Data excerpts:
+===+
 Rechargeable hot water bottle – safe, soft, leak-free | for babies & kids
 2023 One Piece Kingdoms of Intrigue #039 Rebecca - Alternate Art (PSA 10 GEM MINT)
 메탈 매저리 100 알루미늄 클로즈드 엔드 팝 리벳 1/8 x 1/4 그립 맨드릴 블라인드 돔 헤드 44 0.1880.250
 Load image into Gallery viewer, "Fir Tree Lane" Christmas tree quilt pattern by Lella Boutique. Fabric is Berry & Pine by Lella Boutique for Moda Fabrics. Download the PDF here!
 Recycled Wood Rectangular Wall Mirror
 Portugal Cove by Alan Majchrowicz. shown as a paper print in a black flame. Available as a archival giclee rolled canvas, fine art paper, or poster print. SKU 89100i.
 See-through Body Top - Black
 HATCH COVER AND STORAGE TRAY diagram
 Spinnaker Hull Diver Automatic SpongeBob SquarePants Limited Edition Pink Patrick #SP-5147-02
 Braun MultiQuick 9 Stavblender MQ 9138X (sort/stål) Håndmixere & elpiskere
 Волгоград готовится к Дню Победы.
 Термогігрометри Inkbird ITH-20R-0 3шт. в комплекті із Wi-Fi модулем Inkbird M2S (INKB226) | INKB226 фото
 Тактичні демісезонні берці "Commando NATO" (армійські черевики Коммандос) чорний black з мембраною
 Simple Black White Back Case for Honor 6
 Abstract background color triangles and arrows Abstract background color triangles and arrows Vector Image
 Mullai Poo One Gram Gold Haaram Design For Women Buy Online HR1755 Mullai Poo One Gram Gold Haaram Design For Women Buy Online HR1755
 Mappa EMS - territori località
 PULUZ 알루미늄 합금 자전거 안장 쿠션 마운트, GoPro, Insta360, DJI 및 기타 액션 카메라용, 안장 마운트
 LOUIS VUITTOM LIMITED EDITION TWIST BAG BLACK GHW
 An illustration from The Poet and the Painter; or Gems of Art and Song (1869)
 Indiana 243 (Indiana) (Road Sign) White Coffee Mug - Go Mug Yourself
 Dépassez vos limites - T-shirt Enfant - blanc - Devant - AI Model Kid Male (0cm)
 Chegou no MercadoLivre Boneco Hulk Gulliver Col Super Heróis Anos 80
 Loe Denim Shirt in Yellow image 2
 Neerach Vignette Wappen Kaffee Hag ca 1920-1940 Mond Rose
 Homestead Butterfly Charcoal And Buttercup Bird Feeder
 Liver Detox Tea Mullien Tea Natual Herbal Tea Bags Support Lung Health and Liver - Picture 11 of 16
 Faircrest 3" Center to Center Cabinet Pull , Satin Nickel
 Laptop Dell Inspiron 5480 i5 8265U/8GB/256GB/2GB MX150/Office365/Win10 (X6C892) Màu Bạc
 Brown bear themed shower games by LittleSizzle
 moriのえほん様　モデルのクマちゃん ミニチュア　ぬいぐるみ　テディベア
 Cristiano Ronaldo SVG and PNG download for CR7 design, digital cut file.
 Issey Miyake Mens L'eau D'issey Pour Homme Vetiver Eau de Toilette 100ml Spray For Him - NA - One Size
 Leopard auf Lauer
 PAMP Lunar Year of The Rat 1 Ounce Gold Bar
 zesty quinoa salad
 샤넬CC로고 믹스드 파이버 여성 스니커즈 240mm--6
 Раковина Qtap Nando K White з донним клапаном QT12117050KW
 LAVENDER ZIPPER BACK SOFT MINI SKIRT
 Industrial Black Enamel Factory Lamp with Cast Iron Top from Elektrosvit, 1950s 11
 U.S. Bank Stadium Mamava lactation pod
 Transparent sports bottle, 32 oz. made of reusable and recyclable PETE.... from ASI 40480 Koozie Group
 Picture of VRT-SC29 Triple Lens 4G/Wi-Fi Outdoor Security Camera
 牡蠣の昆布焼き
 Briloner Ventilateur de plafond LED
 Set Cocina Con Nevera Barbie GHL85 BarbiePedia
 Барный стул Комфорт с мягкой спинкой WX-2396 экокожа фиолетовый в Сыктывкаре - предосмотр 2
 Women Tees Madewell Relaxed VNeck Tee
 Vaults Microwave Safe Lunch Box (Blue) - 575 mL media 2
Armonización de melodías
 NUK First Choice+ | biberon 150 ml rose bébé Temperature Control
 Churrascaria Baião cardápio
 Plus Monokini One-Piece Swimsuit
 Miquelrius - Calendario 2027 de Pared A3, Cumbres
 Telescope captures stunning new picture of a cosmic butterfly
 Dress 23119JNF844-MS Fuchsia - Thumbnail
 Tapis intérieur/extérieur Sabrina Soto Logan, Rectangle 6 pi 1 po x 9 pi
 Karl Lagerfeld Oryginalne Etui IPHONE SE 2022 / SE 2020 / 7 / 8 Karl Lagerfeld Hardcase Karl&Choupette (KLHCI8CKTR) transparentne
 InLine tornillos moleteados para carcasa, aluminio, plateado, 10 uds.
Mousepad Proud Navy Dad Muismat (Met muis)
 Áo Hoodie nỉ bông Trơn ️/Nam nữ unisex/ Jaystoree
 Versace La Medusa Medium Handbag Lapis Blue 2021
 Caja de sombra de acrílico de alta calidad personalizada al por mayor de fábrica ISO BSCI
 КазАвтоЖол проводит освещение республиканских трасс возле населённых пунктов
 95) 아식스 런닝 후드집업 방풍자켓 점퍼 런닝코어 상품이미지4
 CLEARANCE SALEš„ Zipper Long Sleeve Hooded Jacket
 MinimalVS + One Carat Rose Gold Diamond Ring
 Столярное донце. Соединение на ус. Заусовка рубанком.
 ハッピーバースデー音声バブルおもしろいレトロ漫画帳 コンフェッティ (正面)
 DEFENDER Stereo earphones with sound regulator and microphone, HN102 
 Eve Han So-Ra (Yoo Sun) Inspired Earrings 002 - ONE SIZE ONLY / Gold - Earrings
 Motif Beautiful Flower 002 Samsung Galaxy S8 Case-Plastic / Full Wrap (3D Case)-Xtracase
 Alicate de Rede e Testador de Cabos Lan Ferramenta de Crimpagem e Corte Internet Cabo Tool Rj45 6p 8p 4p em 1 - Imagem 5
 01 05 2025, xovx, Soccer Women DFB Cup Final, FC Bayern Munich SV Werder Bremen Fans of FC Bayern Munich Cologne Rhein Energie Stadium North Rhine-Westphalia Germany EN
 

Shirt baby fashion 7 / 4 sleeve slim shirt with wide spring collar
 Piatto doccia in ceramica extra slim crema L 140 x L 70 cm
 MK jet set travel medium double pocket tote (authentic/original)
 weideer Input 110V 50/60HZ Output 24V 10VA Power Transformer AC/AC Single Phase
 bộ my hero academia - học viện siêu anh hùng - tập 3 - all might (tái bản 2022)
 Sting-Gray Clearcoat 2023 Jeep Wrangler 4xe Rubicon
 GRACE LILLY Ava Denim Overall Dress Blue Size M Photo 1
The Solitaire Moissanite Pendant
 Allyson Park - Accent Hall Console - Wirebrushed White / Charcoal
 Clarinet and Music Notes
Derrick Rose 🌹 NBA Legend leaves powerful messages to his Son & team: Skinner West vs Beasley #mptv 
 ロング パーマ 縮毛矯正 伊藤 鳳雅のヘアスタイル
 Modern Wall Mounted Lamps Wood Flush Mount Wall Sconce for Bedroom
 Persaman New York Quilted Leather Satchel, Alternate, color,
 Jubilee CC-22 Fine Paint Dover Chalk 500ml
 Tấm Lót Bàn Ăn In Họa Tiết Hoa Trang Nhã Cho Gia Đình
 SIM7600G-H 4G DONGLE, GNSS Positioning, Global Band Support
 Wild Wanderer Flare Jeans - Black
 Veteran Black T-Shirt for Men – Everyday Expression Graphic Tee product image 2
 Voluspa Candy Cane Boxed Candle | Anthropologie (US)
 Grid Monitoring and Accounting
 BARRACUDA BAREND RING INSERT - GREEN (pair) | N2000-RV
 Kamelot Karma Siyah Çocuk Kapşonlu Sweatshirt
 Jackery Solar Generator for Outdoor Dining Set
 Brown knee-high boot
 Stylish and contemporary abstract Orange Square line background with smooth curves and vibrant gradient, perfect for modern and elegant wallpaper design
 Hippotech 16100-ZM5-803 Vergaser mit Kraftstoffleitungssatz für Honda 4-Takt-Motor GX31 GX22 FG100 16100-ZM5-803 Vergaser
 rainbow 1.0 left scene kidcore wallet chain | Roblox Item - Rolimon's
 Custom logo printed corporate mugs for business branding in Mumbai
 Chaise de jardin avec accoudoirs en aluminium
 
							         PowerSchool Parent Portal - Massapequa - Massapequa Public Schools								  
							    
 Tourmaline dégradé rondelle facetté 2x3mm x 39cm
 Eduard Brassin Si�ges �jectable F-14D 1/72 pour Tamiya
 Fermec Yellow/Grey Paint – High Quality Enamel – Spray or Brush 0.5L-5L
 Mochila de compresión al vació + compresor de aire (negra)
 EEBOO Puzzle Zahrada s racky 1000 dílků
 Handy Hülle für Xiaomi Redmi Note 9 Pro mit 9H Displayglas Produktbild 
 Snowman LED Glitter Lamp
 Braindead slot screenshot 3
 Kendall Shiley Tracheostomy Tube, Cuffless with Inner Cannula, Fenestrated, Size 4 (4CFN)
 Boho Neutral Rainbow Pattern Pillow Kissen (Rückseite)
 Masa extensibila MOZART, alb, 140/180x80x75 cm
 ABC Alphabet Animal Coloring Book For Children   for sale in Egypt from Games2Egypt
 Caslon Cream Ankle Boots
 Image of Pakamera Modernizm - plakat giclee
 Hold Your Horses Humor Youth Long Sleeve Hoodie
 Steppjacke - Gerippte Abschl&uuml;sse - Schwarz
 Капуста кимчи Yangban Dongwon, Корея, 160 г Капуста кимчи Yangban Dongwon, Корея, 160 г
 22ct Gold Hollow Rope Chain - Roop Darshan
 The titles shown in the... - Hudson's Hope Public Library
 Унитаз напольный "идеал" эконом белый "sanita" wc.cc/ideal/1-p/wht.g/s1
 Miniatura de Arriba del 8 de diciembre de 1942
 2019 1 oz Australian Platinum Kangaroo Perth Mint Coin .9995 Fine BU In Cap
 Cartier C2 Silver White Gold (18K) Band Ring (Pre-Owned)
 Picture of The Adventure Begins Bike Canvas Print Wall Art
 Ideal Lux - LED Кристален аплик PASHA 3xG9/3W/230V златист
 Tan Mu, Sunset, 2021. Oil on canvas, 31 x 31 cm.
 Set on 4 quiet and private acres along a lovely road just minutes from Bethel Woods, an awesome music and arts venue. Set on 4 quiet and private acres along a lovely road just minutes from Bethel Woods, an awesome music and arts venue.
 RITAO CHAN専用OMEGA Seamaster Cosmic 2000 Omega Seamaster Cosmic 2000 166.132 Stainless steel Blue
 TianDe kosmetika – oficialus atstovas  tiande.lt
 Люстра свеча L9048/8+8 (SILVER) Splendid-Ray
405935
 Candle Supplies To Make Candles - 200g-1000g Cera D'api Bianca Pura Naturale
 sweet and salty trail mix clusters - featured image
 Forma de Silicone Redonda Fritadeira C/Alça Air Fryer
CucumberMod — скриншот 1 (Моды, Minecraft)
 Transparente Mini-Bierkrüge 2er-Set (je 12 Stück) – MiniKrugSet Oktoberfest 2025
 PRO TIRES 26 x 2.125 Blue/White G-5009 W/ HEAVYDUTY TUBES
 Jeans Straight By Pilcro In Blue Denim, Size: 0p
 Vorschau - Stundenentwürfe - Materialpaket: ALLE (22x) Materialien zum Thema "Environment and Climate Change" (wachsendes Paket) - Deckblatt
+===+
WHAT IS EXPECTED:
Could you set down, word for word, only the lines above from the line with "NUK First Choice+" to the line with "ロング パーマ 縮毛矯正 伊藤 鳳雅のヘアスタイル", including both?

REPLY:
 NUK First Choice+ | biberon 150 ml rose bébé Temperature Control
 Churrascaria Baião cardápio
 Plus Monokini One-Piece Swimsuit
 Miquelrius - Calendario 2027 de Pared A3, Cumbres
 Telescope captures stunning new picture of a cosmic butterfly
 Dress 23119JNF844-MS Fuchsia - Thumbnail
 Tapis intérieur/extérieur Sabrina Soto Logan, Rectangle 6 pi 1 po x 9 pi
 Karl Lagerfeld Oryginalne Etui IPHONE SE 2022 / SE 2020 / 7 / 8 Karl Lagerfeld Hardcase Karl&Choupette (KLHCI8CKTR) transparentne
 InLine tornillos moleteados para carcasa, aluminio, plateado, 10 uds.
Mousepad Proud Navy Dad Muismat (Met muis)
 Áo Hoodie nỉ bông Trơn ️/Nam nữ unisex/ Jaystoree
 Versace La Medusa Medium Handbag Lapis Blue 2021
 Caja de sombra de acrílico de alta calidad personalizada al por mayor de fábrica ISO BSCI
 КазАвтоЖол проводит освещение республиканских трасс возле населённых пунктов
 95) 아식스 런닝 후드집업 방풍자켓 점퍼 런닝코어 상품이미지4
 CLEARANCE SALEš„ Zipper Long Sleeve Hooded Jacket
 MinimalVS + One Carat Rose Gold Diamond Ring
 Столярное донце. Соединение на ус. Заусовка рубанком.
 ハッピーバースデー音声バブルおもしろいレトロ漫画帳 コンフェッティ (正面)
 DEFENDER Stereo earphones with sound regulator and microphone, HN102 
 Eve Han So-Ra (Yoo Sun) Inspired Earrings 002 - ONE SIZE ONLY / Gold - Earrings
 Motif Beautiful Flower 002 Samsung Galaxy S8 Case-Plastic / Full Wrap (3D Case)-Xtracase
 Alicate de Rede e Testador de Cabos Lan Ferramenta de Crimpagem e Corte Internet Cabo Tool Rj45 6p 8p 4p em 1 - Imagem 5
 01 05 2025, xovx, Soccer Women DFB Cup Final, FC Bayern Munich SV Werder Bremen Fans of FC Bayern Munich Cologne Rhein Energie Stadium North Rhine-Westphalia Germany EN
 

Shirt baby fashion 7 / 4 sleeve slim shirt with wide spring collar
 Piatto doccia in ceramica extra slim crema L 140 x L 70 cm
 MK jet set travel medium double pocket tote (authentic/original)
 weideer Input 110V 50/60HZ Output 24V 10VA Power Transformer AC/AC Single Phase
 bộ my hero academia - học viện siêu anh hùng - tập 3 - all might (tái bản 2022)
 Sting-Gray Clearcoat 2023 Jeep Wrangler 4xe Rubicon
 GRACE LILLY Ava Denim Overall Dress Blue Size M Photo 1
The Solitaire Moissanite Pendant
 Allyson Park - Accent Hall Console - Wirebrushed White / Charcoal
 Clarinet and Music Notes
Derrick Rose 🌹 NBA Legend leaves powerful messages to his Son & team: Skinner West vs Beasley #mptv 
 ロング パーマ 縮毛矯正 伊藤 鳳雅のヘアスタイル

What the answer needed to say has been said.